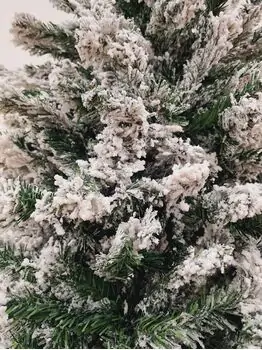 Christmas Tree PVC 240 CM Snow-Covered  - დათოვლილი ნაძვის ხე, 6 image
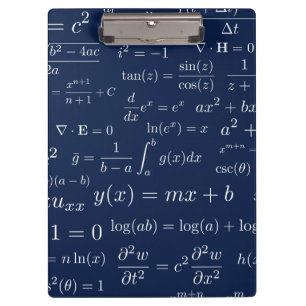 Equations of Math and Science Clipboard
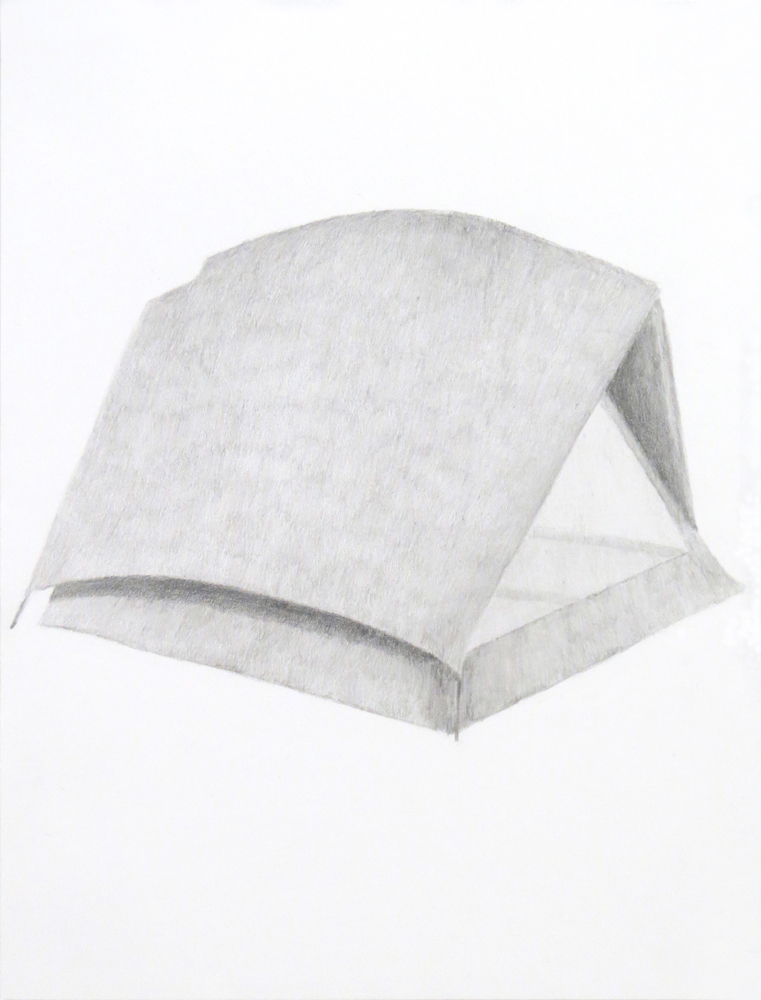  Tent (1), 2018, graphite on paper, 9 x 12 inches 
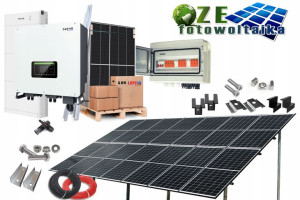 Zestaw solarny hybrydowy grunt 5kW+magazyn energii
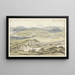 View of the High Peak mountains in Derbyshire - Jan Siberechts — framed artwork on a wall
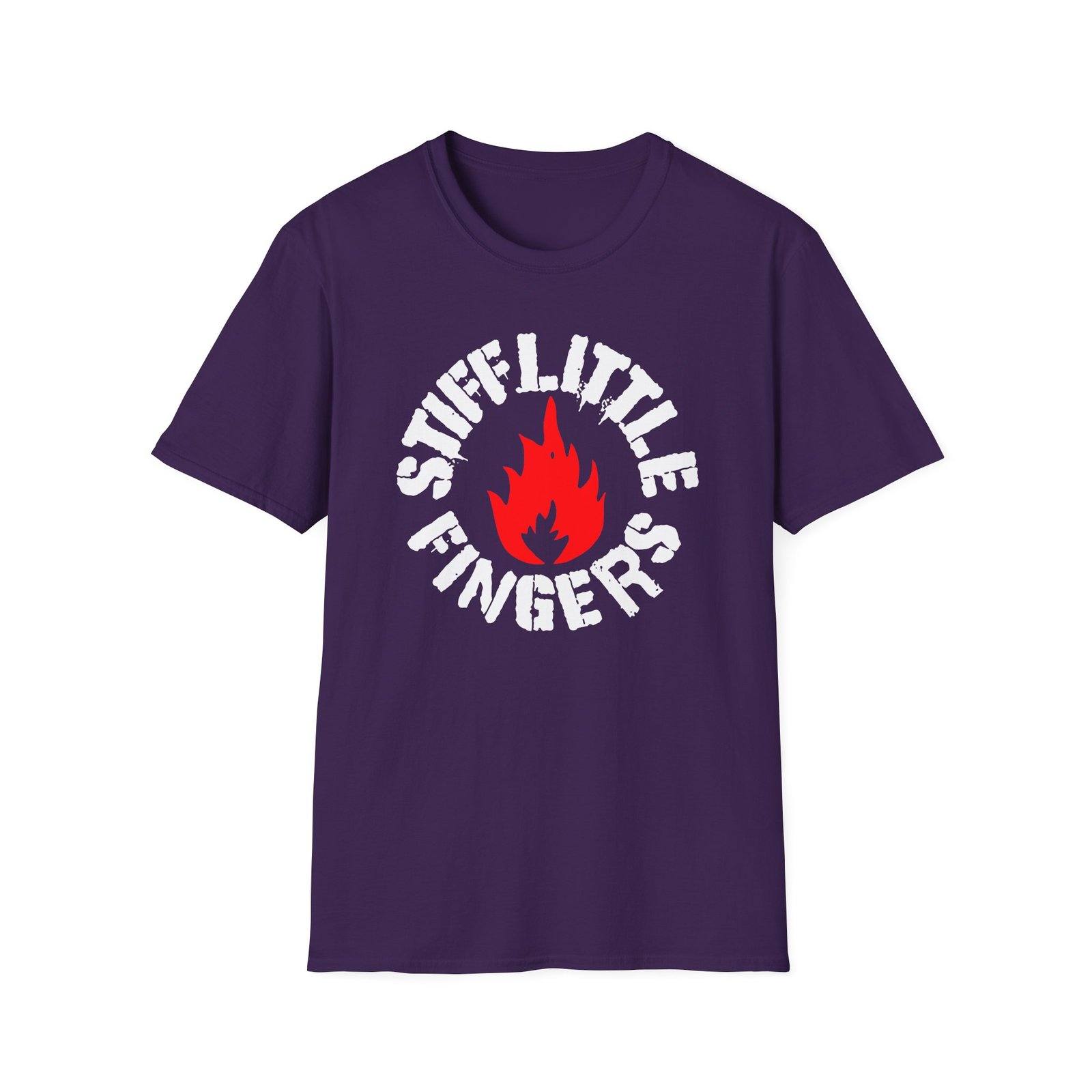 Stiff Little Fingers Logo Unisex Softstyle T-Shirt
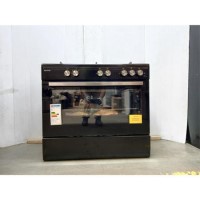 Refurbished electriQ 90cm Gas Range Cooker Black
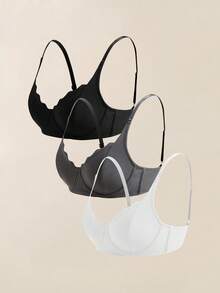 Snug Zone 3件套无缝波边无钢圈薄款底托文胸 - 彩色 - 查看 15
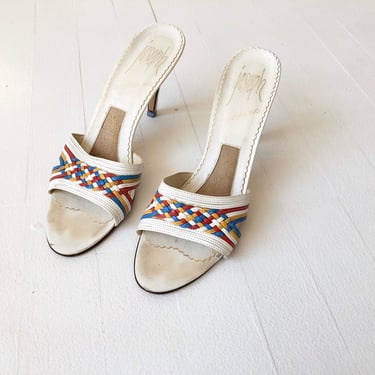 1960s Woven Mules 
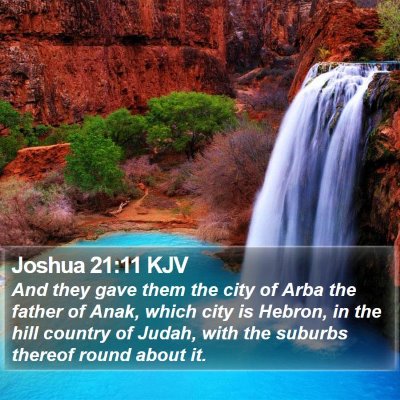 Joshua 21:11 KJV Bible Verse Image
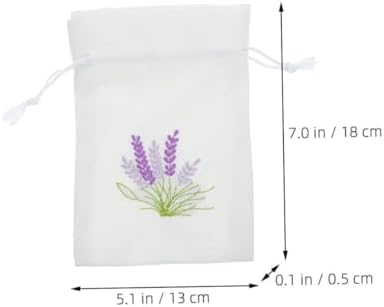 Zerodeko 5pcs Lavender Scent Sachets with Drawstring Closure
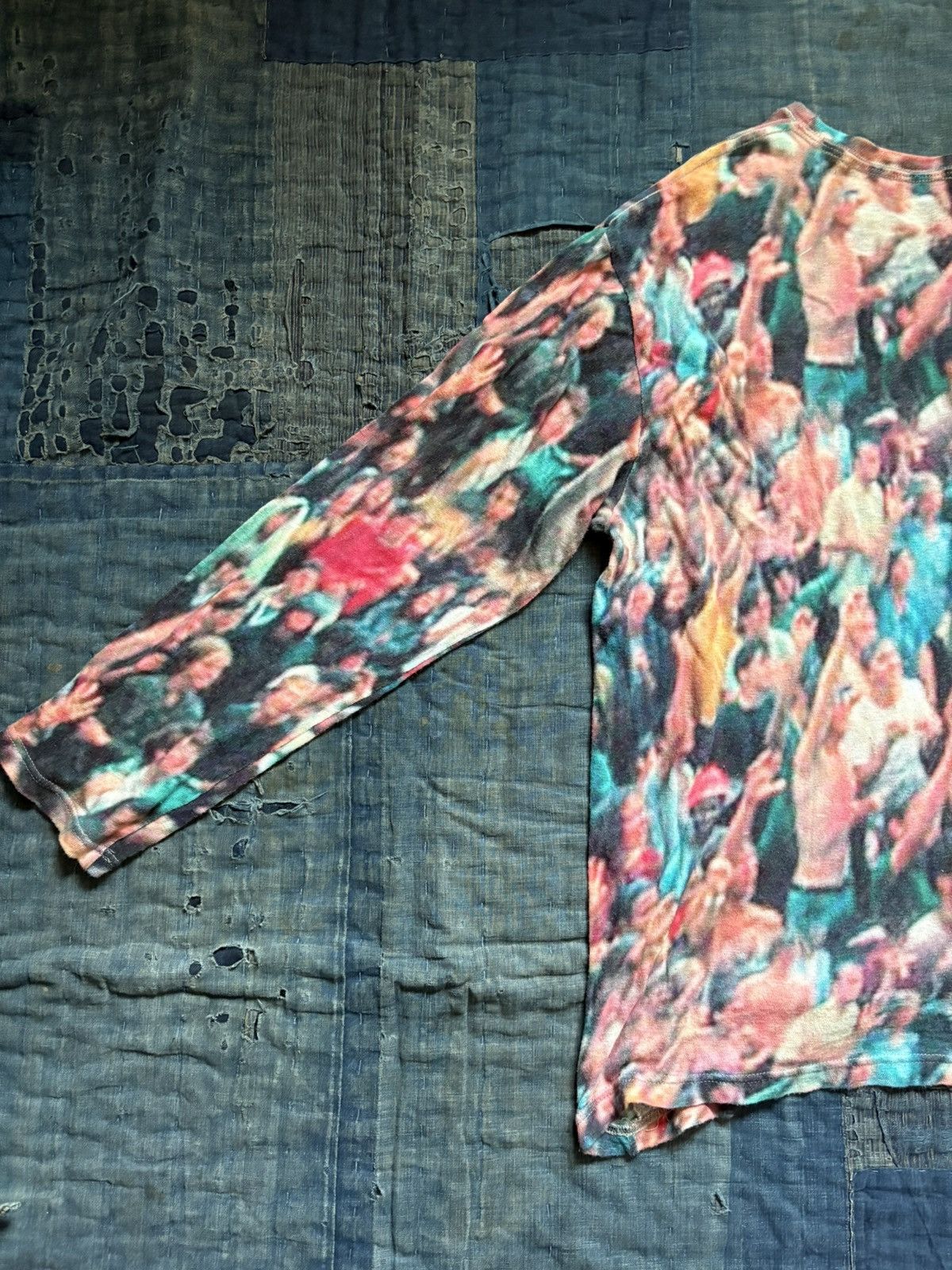 Kapital × Kapital Kountry KAPITAL festival printed Long Sleeve T-Shirt Size US XL / EU 56 / 4 - 9 Thumbnail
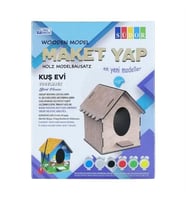 Südor Ahşap Maket kuş evi Boyama Seti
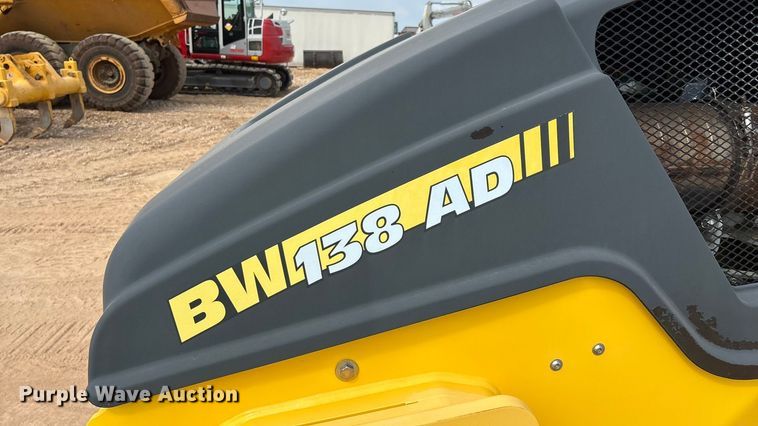image for item EN5612 2018 Bomag BW138AD-5 double drum vibratory roller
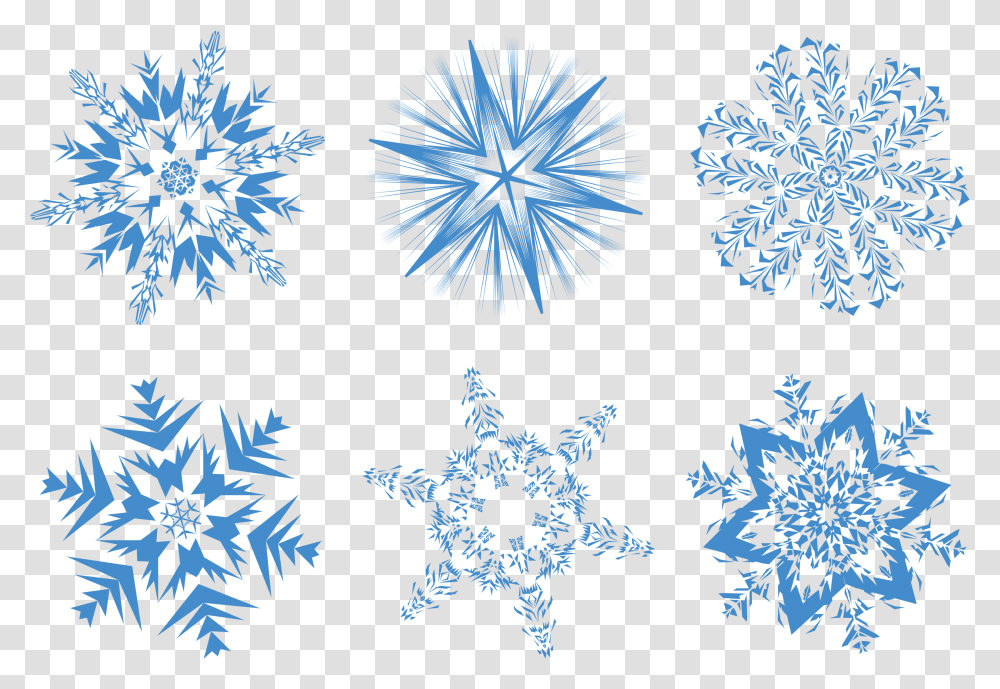 Snowflakes, Nature, Outdoors, Ice, Pattern Transparent Png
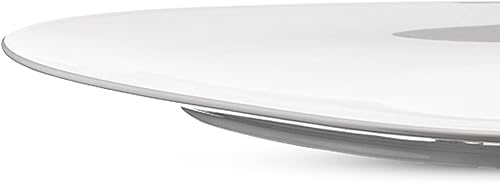 Miniatura 3 de Alessi Colombina - Plato plano de 12-14 x 10-34 pulgadas porcelana blanca juego de 6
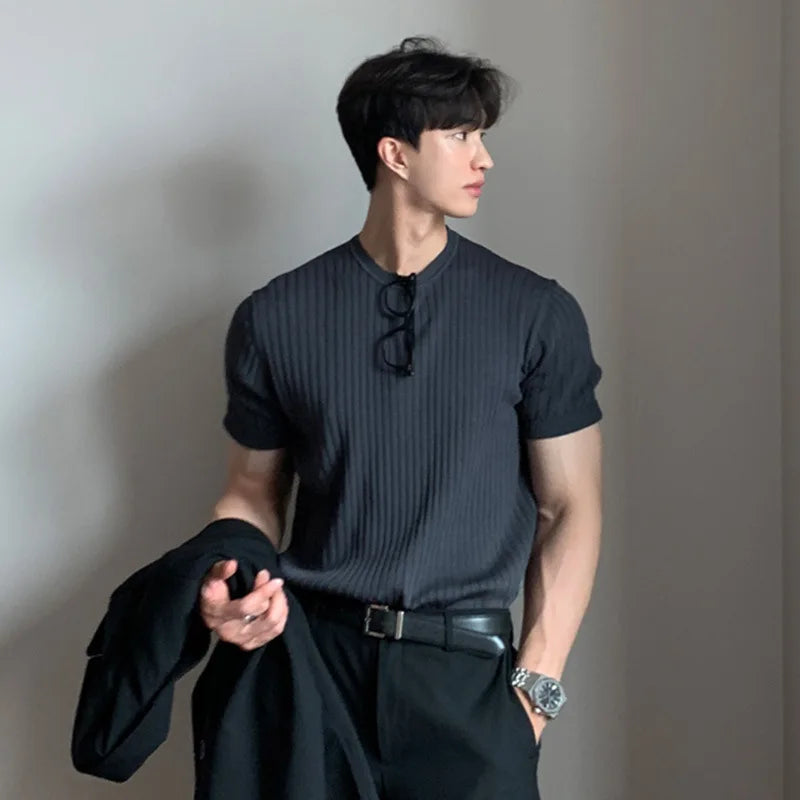 PASCAL - Luxe Gebreid T-shirt voor Mannen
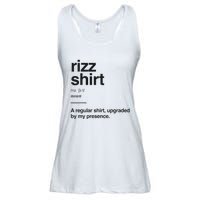 Funny Rizz Gen Z Gen Alpha Slang Charisma Meme Rizz Ladies Essential Flowy Tank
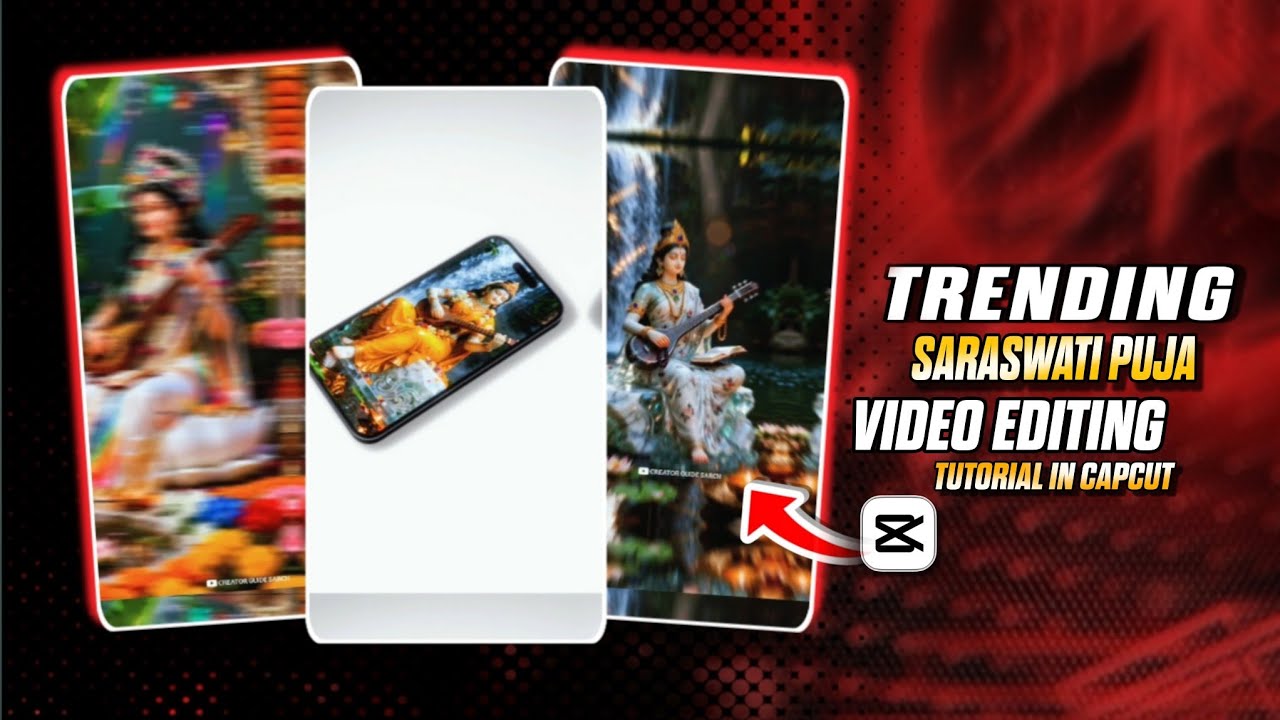 Trending Saraswati puja video editing || sarswati puja reels video editing in Capcut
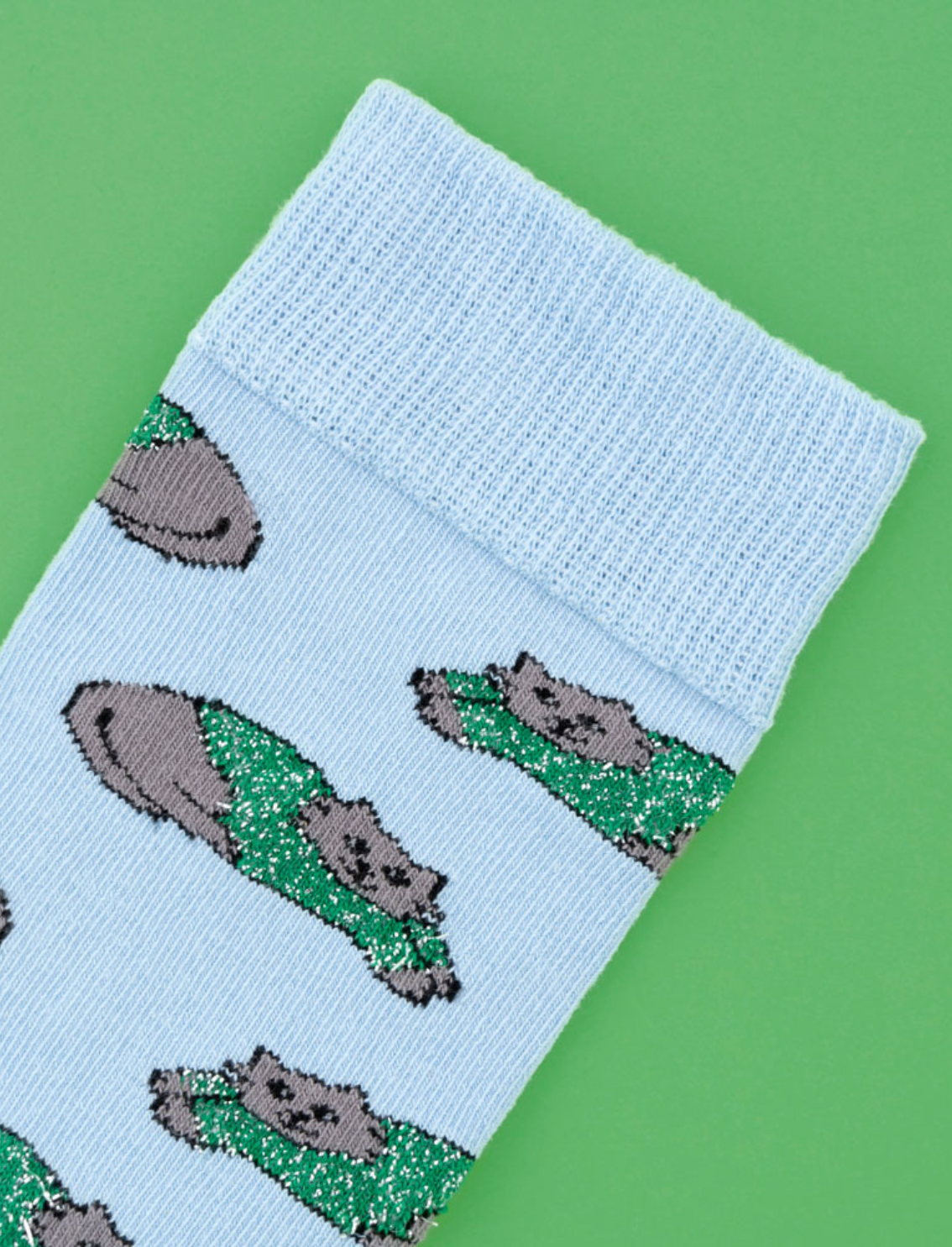 גרבי כותנה Glittery Cat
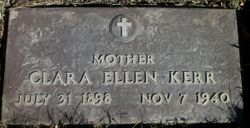 Clara Ellen <I>Brunk</I> Kerr 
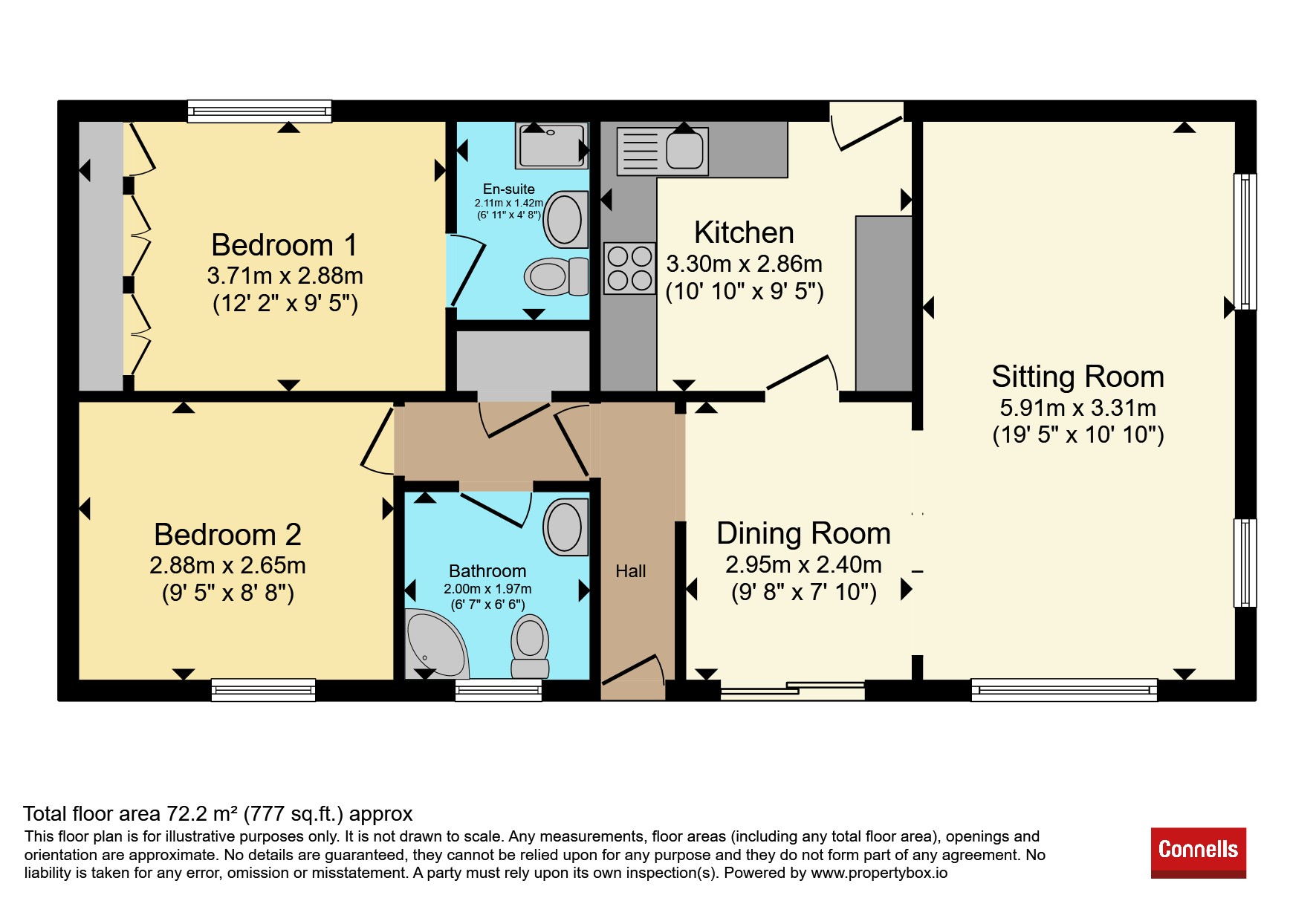 1, Heyford Leys, Bicester floorplan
⁂
Task objective: With the pictures dropped, write out all of the entries word for word.

Response area:
 Christmas Tree PVC 240 CM Snow-Covered  - დათოვლილი ნაძვის ხე, 6 image
 Equations of Math and Science Clipboard
  Tent (1), 2018, graphite on paper, 9 x 12 inches 
 Zestaw solarny hybrydowy grunt 5kW+magazyn energii
 View of the High Peak mountains in Derbyshire - Jan Siberechts — framed artwork on a wall
 Stiff Little Fingers Logo Unisex Softstyle T-Shirt
 Refurbished electriQ 90cm Gas Range Cooker Black
 Snug Zone 3件套无缝波边无钢圈薄款底托文胸 - 彩色 - 查看 15
 1960s Woven Mules 
 Joshua 21:11 KJV Bible Verse Image
 Zerodeko 5pcs Lavender Scent Sachets with Drawstring Closure
 Kapital × Kapital Kountry KAPITAL festival printed Long Sleeve T-Shirt Size US XL / EU 56 / 4 - 9 Thumbnail
 Südor Ahşap Maket kuş evi Boyama Seti
image for item EN5612 2018 Bomag BW138AD-5 double drum vibratory roller
 Snowflakes, Nature, Outdoors, Ice, Pattern Transparent Png
 Miniatura 3 de Alessi Colombina - Plato plano de 12-14 x 10-34 pulgadas porcelana blanca juego de 6
 PASCAL - Luxe Gebreid T-shirt voor Mannen
 Funny Rizz Gen Z Gen Alpha Slang Charisma Meme Rizz Ladies Essential Flowy Tank
 Trending Saraswati puja video editing || sarswati puja reels video editing in Capcut
 גרבי כותנה Glittery Cat
 Clara Ellen <I>Brunk</I> Kerr 
 1, Heyford Leys, Bicester floorplan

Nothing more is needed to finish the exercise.